-- SUPPLIED DATA follows --

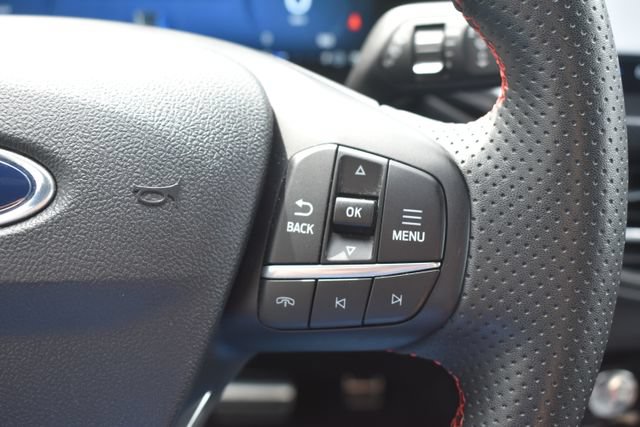 Used 2023 Ford Escape ST-Line Elite w/ Premium Technology Package AWD/4WD image 26
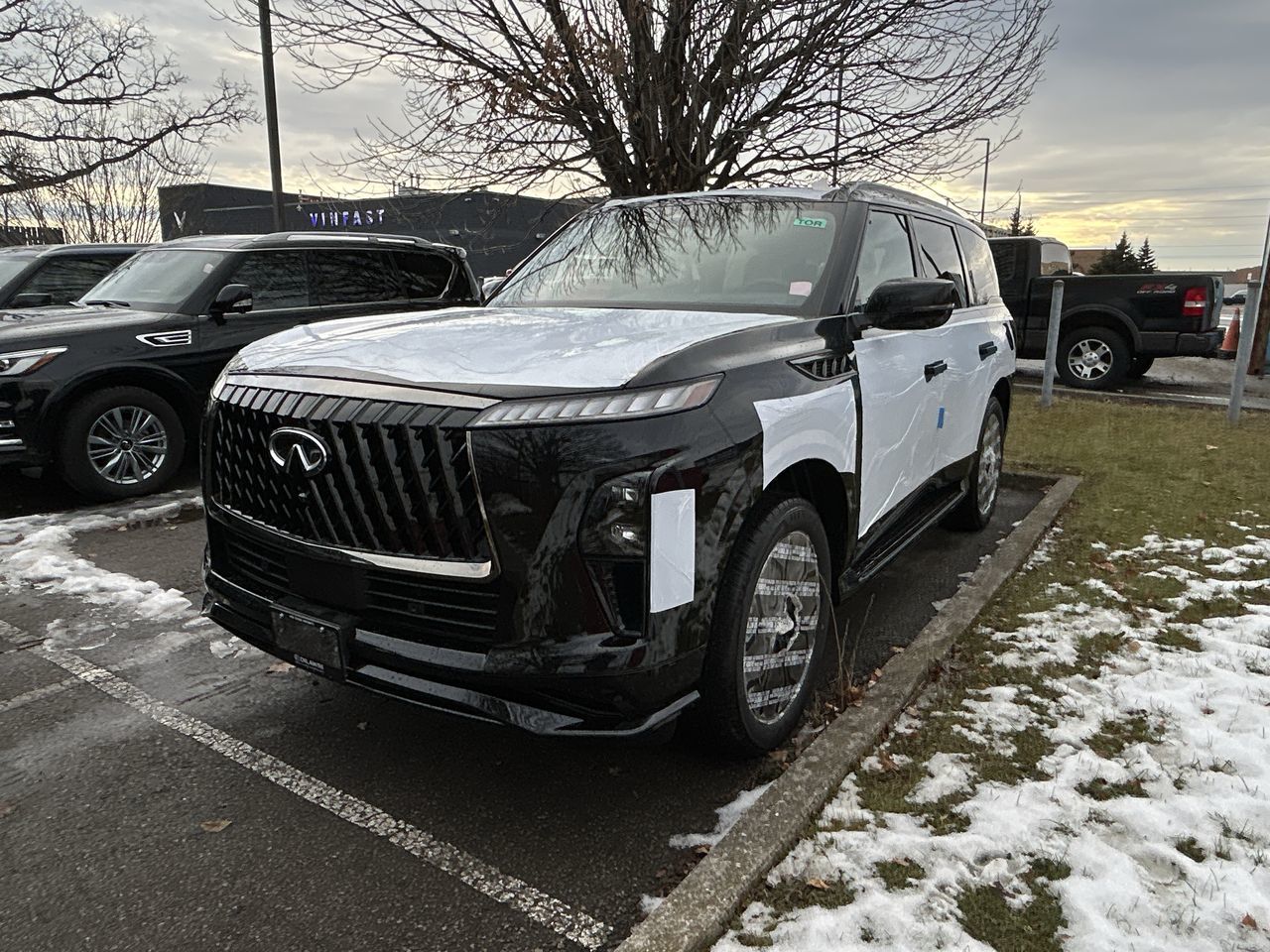 2026 Infiniti QX80 in Mississauga, Ontario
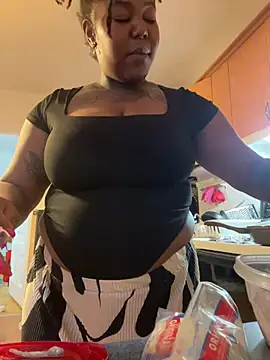 Goddess Nafeesha online show from 04.29.26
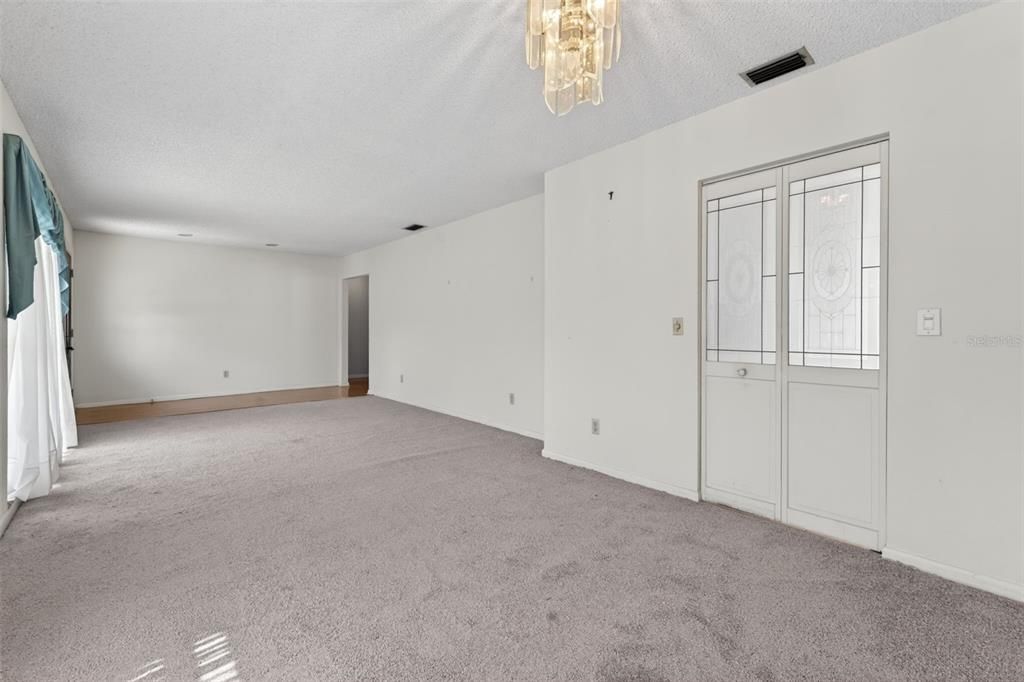For Sale: $450,000 (4 beds, 2 baths, 1705 Square Feet)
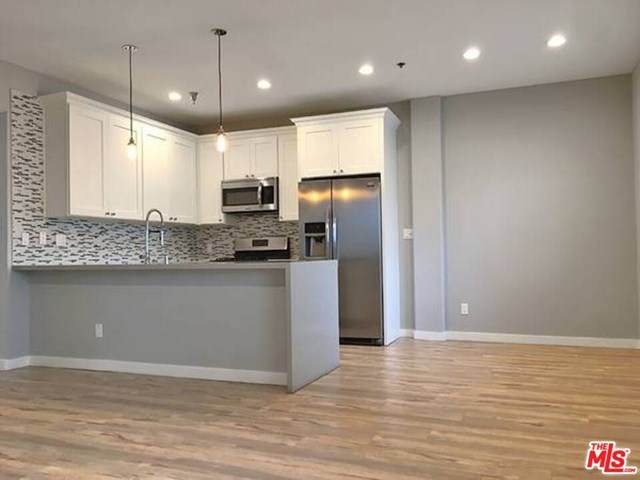 10560 Santa Monica - Photo 1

-- SUPPLIED DATA concluded --

▶ [EXERCISE]:
Leave out the pictures, and extract exactly the lines from the one with "Goddess Nafeesha online show from 04.29.26" through the end of the records, both ends included.

▶ [OUTPUT FOR THIS TASK]:
 Goddess Nafeesha online show from 04.29.26
For Sale: $450,000 (4 beds, 2 baths, 1705 Square Feet)
 10560 Santa Monica - Photo 1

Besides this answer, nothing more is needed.